Last week I got myself a new Sandisk Sansa Clip mp3 player (this is the model I got). I was very happy on the way back home, and when I got to my laptop the trouble started.

Every time I tried to connect it to my laptop, it was dinging like a new USB device was connected, but I couldn’t see anything in “My Computer”. I have tried everything, but nothing helped. When I called Sandisk support I was shocked - they solved my problem!

They asked me to unplug the USB cable, lock the device, push the round button in the middle of the Sansa player, and while holding it, plug in again the USB cable… and it worked!!! How stupid of me not to think about it!

Why am I writing this?

Because if only those SOBs would add a user manual to the tiny mp3 player with a troubleshooting guide, that would save me so much time and energy, but they didn’t. They probably save the trees, or save their money. All that beings said, a manual would help only if I would RTFM, which honestly I’m not sure I would…

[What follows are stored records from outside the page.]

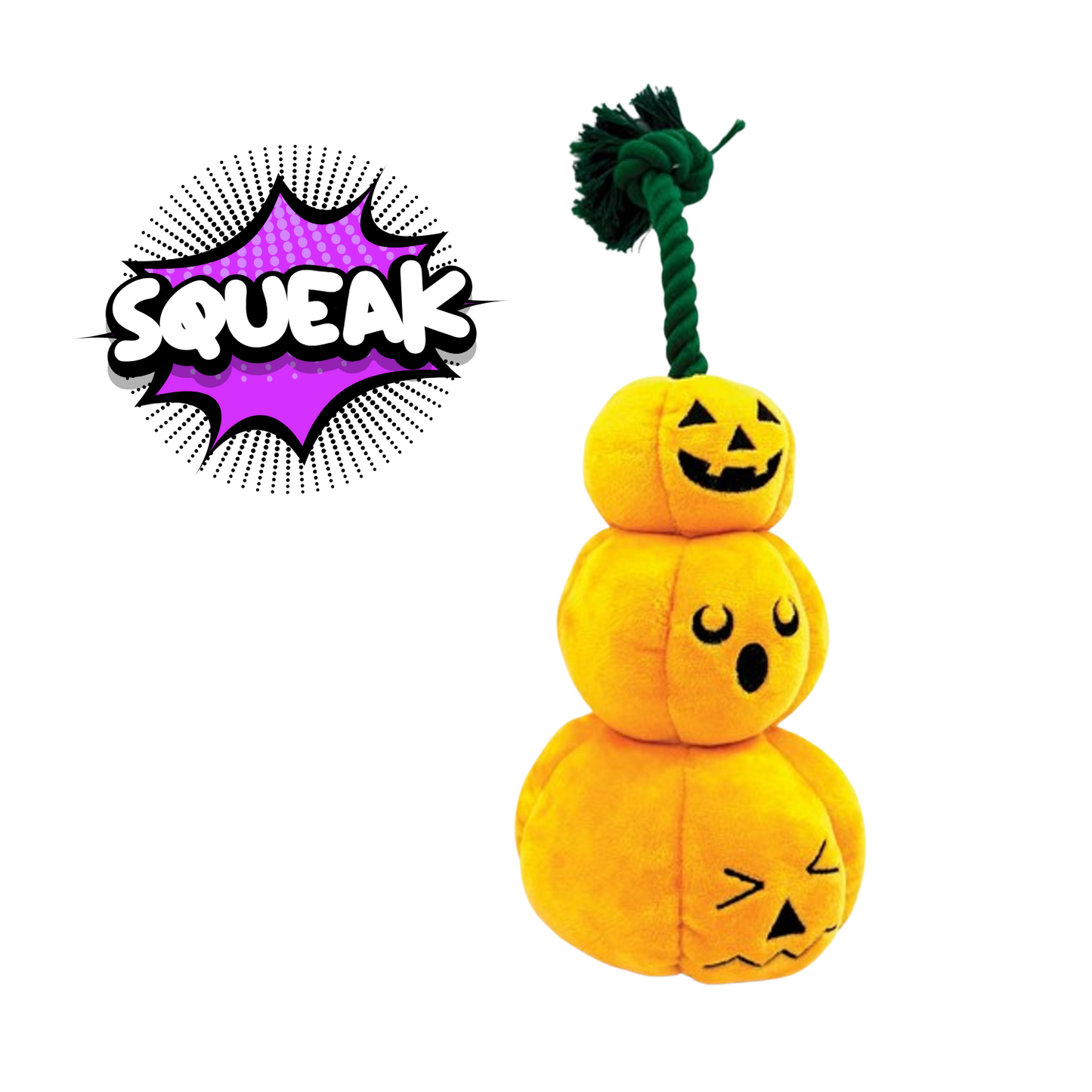 Stack of yellow plush pumpkin dog toys with a green stem on a white background, featuring the word 'SQUEAK'.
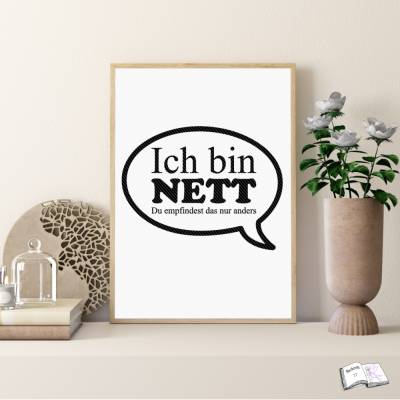 Ich bin nett – Digitales Logo als PNG & SVG für Plotten und Sublimation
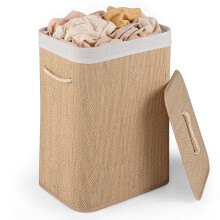 Bamboo Laundry Basket with Lid 72L Natural Clothes Hamper Removable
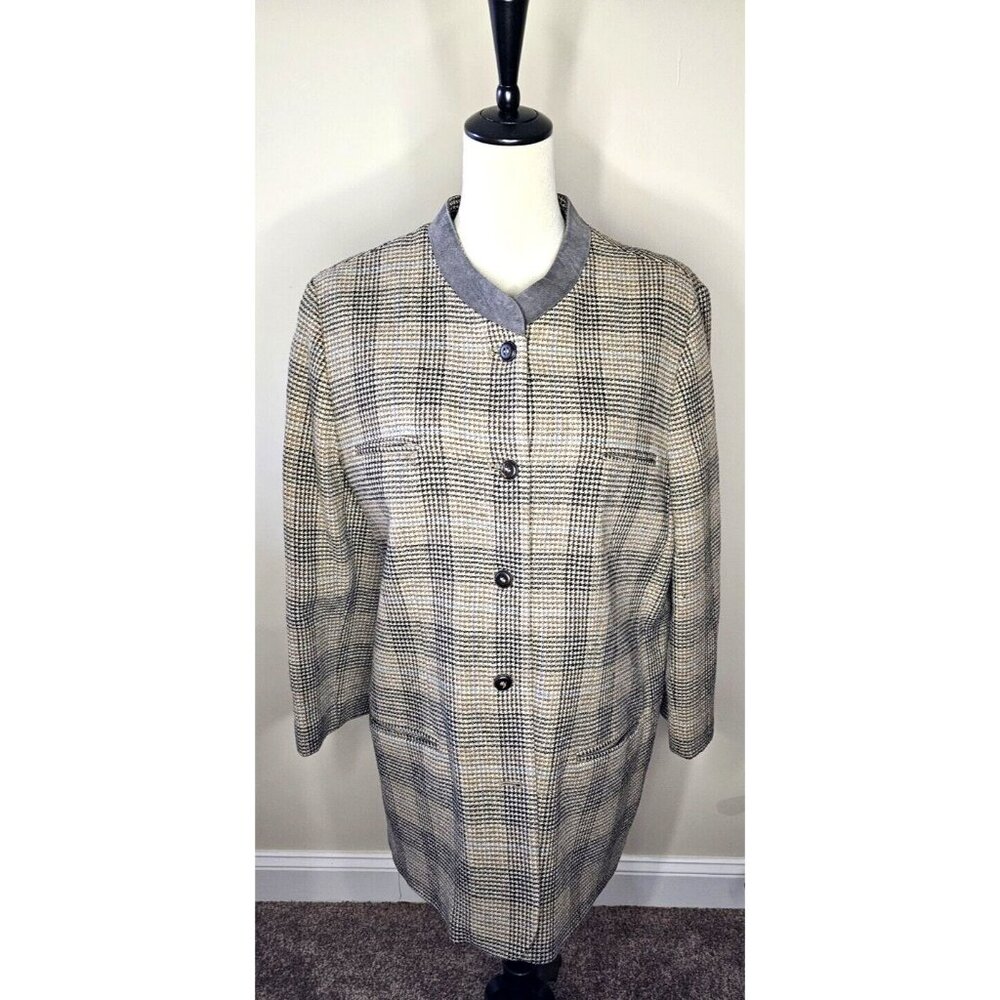 Harve Benard by Benard Holtzman Wool Plaid Womens Size 14 Lined Jacket Twead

I actually can’t remember when was the last time I read a manual of an electronic device I got. My kids like to play with them, they like to rip off the high quality paper booklets, but not more than that…

So in case you got a Sandisk Sansa MP3 player and can’t make it work, lock it and while connecting the USB cable, push the button. You can’t RTFM because there isn’t any FM.update: I heard that upgrading Windows Media Player to version 11 might help as well, but never tried it myself. I do my best to stay away of Microsoft updates

This is the model I got . I think this tip works for others as well, but I’m not sure.

Did this article help you? Add a comment at the bottom of this post (we love new comments!) , or maybe add a link to this post in your Blog, Digg, Del.icio.us, etc (We love links even more… ).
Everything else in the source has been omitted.